We test \(\mathcal{H}_{0} : \mu = 2.5\) against \(\mathcal{H}_{1}: \mu \neq 2.5\) (two-tailed test). Under \(\mathcal{H}_{0}\), the statistic
\[U = \frac{\bar{X}- \mu}{\sigma/\sqrt{n}} = \frac{\bar{X}-2.5}{0.4/\sqrt{100}} \sim \mathcal{N}(0,1)\]At \(\alpha=5\%\), the critical region is \(\{U < -1.96 \} \cup \{U > 1.96\}\). We compute:
\[u = \frac{2.6 - 2.5}{0.4/10}=2.5\]Since \(2.5 > 1.96\), \(u\) falls in the critical region. We reject \(H_{0}\) at the 5% level.

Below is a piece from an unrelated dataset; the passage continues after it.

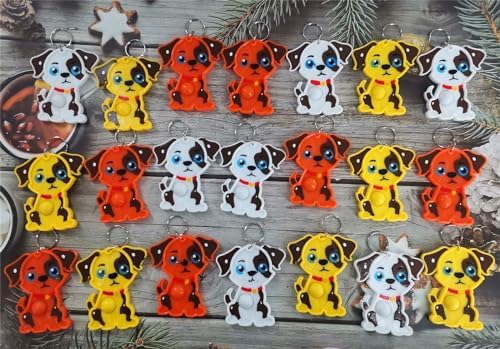 20 Packs Mini Fidget Bubbles Silicone Keychain Set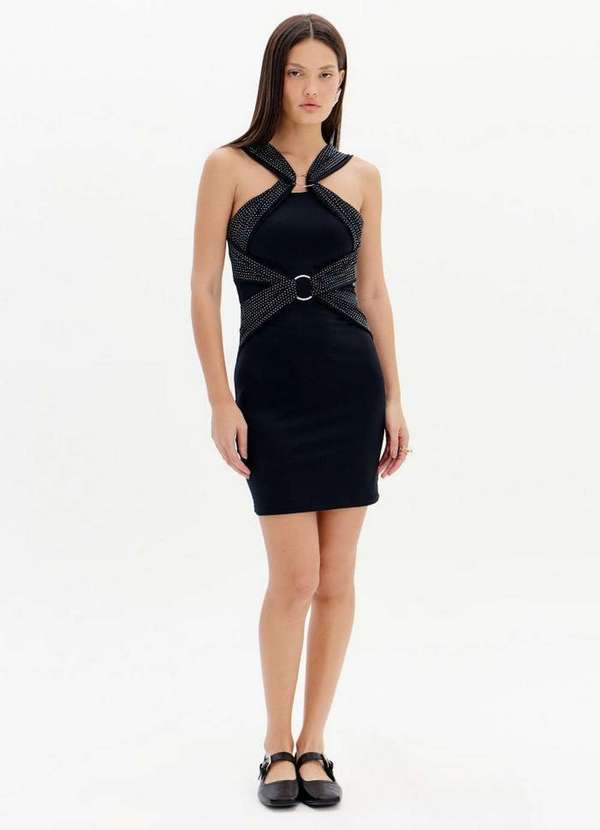 My Favorite - Vestido Curto com Argolas e Brilhos A0003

Conformity Test on the Mean of a Normal Variable with Unknown Variance
This test is based on the variables \(\bar{X}\) and \(S^{2}\) respectively the empirical mean and variance of an \(n\)-sample. We know that: \(T = \frac{\bar{X}- \mu_{0}}{S/\sqrt{n-1}} \sim \mathcal{T}(n-1)\)his is our decision variable. The test then consists of placing the quantity \(t = \frac{\bar{x} - \mu_{0}}{s/\sqrt{n-1}}\) relative to the interval \([-t_{\alpha/2},t_{\alpha/2}]\) read in the Student’s t-table with \((n-1)\) degrees of freedom and defined such that \(\mathbb{P}(\lvert T \lvert > t_{\alpha/2})=\alpha\)
Example 2
Coming back to example 1, now considering the standard deviation of the population is unknown, the measured standard deviation in the sample is 0.6.
We test the hypothesis \(\mathcal{H}_{0} \mu=2.5\) against \(\mathcal{H}_{1}: \mu \neq 2.5\). (bilateral) Under \(H_{0}\), the variable \(T = \frac{\bar{X} - \mu}{S/\sqrt{n-1}}\) follows \(\mathcal{T}(n-1)\). At the 5% level, the critical region is \(\{T < -1.98 \} \cup \{T > 1.98\}\). We compute \(t=1.66\) which is not in the critical region. We cannot reject \(H_0\) and level \(\alpha\).
Conformity Test on the Variance of a Normal Variable
This test is based on the variable \(S^{2}\), the empirical variance of an \(n\)-sample. Assuming the hypothethis \(\mathcal{H}_{0} \ : \ \sigma^{2} = \sigma_{0}^{2}\), we know hat: \(Z = \frac{nS^{2}}{\sigma_{0}^{2}} \sim \chi^{2}(n-1)\)It follows that, if the hypothesis is true, \(Z\) has the probabilit \(1 - \alpha\) of falling in the interval \([z_{1}, z_{2}]\) where \(z_{1}\) and \(z_{2}\) are read in the table of \(\chi^{2}\) distribution with \((n-1)\) degrees of freedom and such that \(\mathbb{P}(Z < z_{1}) = \mathbb{P}(Z > z_{2}) = \alpha/2\). It is then sufficient to compute the value \(z = ns^{2}/\sigma^{2}_{0}\) form the observations and to place it relative to the interval \([z_{1}, z_{2}]\) to conclude.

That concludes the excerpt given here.